SALAFISMO IN EUROPA ISTRUZIONI PER L’USO

Il Salafismo rappresenta oggi la matrice ideologica e identitaria dell’estremismo islamico


16/01/2016 - Massimo Iacopi


(Assisi)

SALAFISMO IN EUROPA ISTRUZIONI PER L’USO

(Nel Download in alto a destra altre foto di Capi Salafiti)

Il Salafismo rappresenta una ortodossia religiosa, rivendicata da un fronte eterogeneo, complesso ed in evoluzione, nel quale si possono distinguere oggi almeno tre tendenze principali: un Salafismo predicatore, un Salafismo politico ed un Salafismo rivoluzionario.

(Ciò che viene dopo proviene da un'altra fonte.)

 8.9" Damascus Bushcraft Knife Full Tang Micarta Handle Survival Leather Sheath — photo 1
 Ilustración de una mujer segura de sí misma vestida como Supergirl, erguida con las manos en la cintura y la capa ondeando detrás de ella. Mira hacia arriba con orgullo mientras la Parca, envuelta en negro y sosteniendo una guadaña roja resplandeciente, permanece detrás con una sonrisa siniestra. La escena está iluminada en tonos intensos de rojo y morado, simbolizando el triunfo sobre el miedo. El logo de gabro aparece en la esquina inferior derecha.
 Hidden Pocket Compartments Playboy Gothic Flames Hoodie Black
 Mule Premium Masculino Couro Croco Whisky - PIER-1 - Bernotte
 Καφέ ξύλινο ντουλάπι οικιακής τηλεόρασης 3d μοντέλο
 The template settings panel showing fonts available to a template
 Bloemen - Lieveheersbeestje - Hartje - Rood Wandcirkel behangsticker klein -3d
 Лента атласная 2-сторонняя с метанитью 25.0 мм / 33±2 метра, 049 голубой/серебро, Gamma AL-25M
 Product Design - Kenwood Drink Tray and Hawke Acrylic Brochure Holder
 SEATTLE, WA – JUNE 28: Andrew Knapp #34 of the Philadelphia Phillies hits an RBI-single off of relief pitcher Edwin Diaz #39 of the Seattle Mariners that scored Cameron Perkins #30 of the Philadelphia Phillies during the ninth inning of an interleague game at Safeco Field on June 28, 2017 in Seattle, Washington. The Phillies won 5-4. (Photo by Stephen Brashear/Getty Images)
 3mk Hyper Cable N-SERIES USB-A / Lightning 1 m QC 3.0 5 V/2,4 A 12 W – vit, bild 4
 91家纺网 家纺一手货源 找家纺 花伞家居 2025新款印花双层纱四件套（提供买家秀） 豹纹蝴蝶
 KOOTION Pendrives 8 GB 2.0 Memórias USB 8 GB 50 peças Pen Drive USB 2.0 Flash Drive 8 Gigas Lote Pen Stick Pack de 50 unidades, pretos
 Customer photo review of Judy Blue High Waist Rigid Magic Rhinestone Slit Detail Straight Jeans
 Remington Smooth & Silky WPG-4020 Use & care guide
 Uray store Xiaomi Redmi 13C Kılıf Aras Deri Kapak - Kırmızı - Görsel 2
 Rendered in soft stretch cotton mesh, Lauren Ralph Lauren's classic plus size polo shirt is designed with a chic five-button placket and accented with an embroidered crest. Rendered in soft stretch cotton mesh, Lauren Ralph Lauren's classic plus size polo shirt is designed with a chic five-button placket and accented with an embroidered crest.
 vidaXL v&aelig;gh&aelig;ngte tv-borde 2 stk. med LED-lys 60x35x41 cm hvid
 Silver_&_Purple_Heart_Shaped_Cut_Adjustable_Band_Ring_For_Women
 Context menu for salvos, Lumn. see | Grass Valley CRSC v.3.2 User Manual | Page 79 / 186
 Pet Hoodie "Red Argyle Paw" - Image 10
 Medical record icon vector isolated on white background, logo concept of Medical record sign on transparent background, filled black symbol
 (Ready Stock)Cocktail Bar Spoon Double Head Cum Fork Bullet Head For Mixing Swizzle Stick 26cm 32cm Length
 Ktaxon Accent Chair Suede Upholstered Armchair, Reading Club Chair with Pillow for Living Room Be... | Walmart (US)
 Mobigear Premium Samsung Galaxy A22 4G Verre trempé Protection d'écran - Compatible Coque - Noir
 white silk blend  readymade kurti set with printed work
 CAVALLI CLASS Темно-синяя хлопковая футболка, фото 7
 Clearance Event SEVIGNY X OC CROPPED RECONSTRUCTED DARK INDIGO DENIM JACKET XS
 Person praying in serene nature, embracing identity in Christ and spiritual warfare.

Il Salafismo predicatore è convinto che la sola soluzione ai problemi dei mussulmani risieda in quello che viene denominato al-tasfiyatu wal-tarbyya, ovvero la purificazione e l’educazione. Purificare la religione dalle “innovazioni” che ne intaccano i suoi precetti ed i suoi dogmi per poter ritornare alla religione trasmessa dal Profeta; educare i mussulmani affinché essi si conformino a questa religione, abbandonando le loro cattive abitudini ed ogni altra soluzione prospettata (politica o rivoluzionaria) che, nei fatti, li devia dalla retta via.

Vicina alle autorità religiose saudite, questa tendenza costituisce una forza decisamente maggioritaria in Francia, il cui riferimento è il religioso saudita Rabi al Madkhali. In Gran Bretagna, essa è animata da due predicatori Abu Khadeeja ed Abu Hakeeem Bilal Davis, nell’ambito dell’Associazione Ahl-Sunna di Birmingham. In Canadà, il Salafismo predicatore risulta guidato da Abu Hammaad Suleiman Dameus al Hayiti, con precedenti esperienze a Medina e noto per le sue traduzioni di opere teologiche saudite.

Il Salafismo politico propugna una visione militante e politica dell’islam, alla maniera dei Fratelli Mussulmani. La creazione di partiti politici, sindacati ed associazioni viene considerata come un mezzo pacifico di accessione al potere o per fare pressione sullo potere stesso. I temi politici (integrazione dei mussulmani in Occidente, cittadinanza, politica americana, conflitto israelo-arabo …) si coniugano con una visione molto conservatrice della società.

Questa tendenza risulta molto attiva in Gran Bretagna attraverso l’associazione Yamyat Ihya minhaj assuna (JIMAS, Raggruppamento per la vivificazione del metodo della Sunna) diretta dal pakistano Abu Muntasir. Questa tendenza risulta altresì presente in Belgio con il Partito della Cittadinanza e della Prosperità (PCP), creato nel 2002 da Jean François Bastin (che l’ha poi lasciato per fondare, nel 2004, il Partito dei giovani mussulmani).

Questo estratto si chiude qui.